In workshops, I begin by having teams write, picked from the Do section of their Bot Personas, a sentence that a user may say on one colored post-it note. Then the teams write something their chatbot may say in response on another colored post-it note. With these examples, I teach teams how the user’s sentence is something that the chatbot can Hear, while the other is what the chatbot Says. Then, all participants are encouraged to open their bot’s configuration code and add the contents of their post it notes into their respective spaces in the code. After everyone’s chatbots are appropriately responding, I introduce Ask and how to structure conversations with multiple outcomes. On a wall, I verbally talk through a simple conversation while illustrating how teams can map their dialogue. Next, teams map out their own conversations, working with each other to see if particular lines of dialogue fit their Bot Personas. Finishing up the section, teams enter their conversation maps into their bot’s configuration code and experiment with the interactions as users would.

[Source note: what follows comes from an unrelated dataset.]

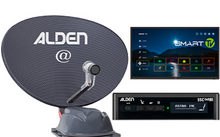 Parabolschüssel mit Aufdruck 'ALDEN' und '@', LNB-Halterung, Empfängerbox mit Aufschrift 'ALDEN' und Display 'ASTRA 19E', Fernseherbild mit Smart-TV-Menü, App-Symbolen und 'SMART TV'-Logo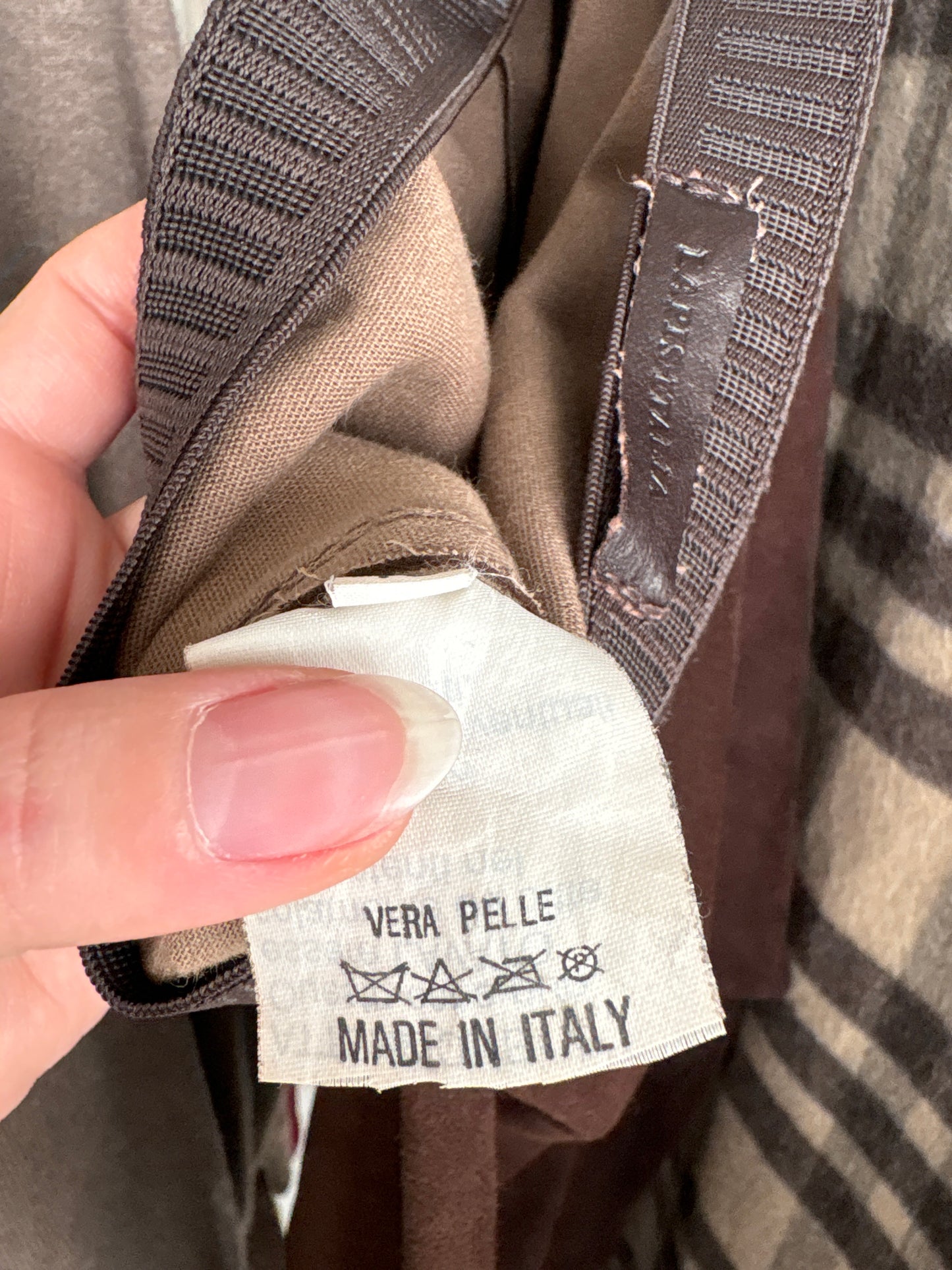 Pantaloni high end italienești din piele naturală mănușă chocolate brown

This method will be successful if teams feel confident and capable to map conversations collaboratively, then quickly be able to transfer these designs into effective chatbots. Conversation mapping is trying to address the problem of teams not often having experience structuring conversations, particularly non-linear conversations, in such a literal way before. Because they lack experience with this mindset, this method intends to help give structure to their prototyping process in identifying what needs to be said and when it needs to be said. I am assuming that teams need a method to help make team’s ideas of their conversations concrete and that, from not completely understanding each other’s thinking, there might be conflict in resolving the best step forward. I am also assuming that, because they are inexperienced writing non-linear conversations and the programing structure, this physical and structured method can help transition teams from design to code.
To address these concerns in a workshop environment, I have collaborated with two programmers to simplify the programing as much as possible. We created a semantic programing framework that colloquially and visually looks similar conversation mapping. This helps even the most novice programmers enter conversation maps into functional code.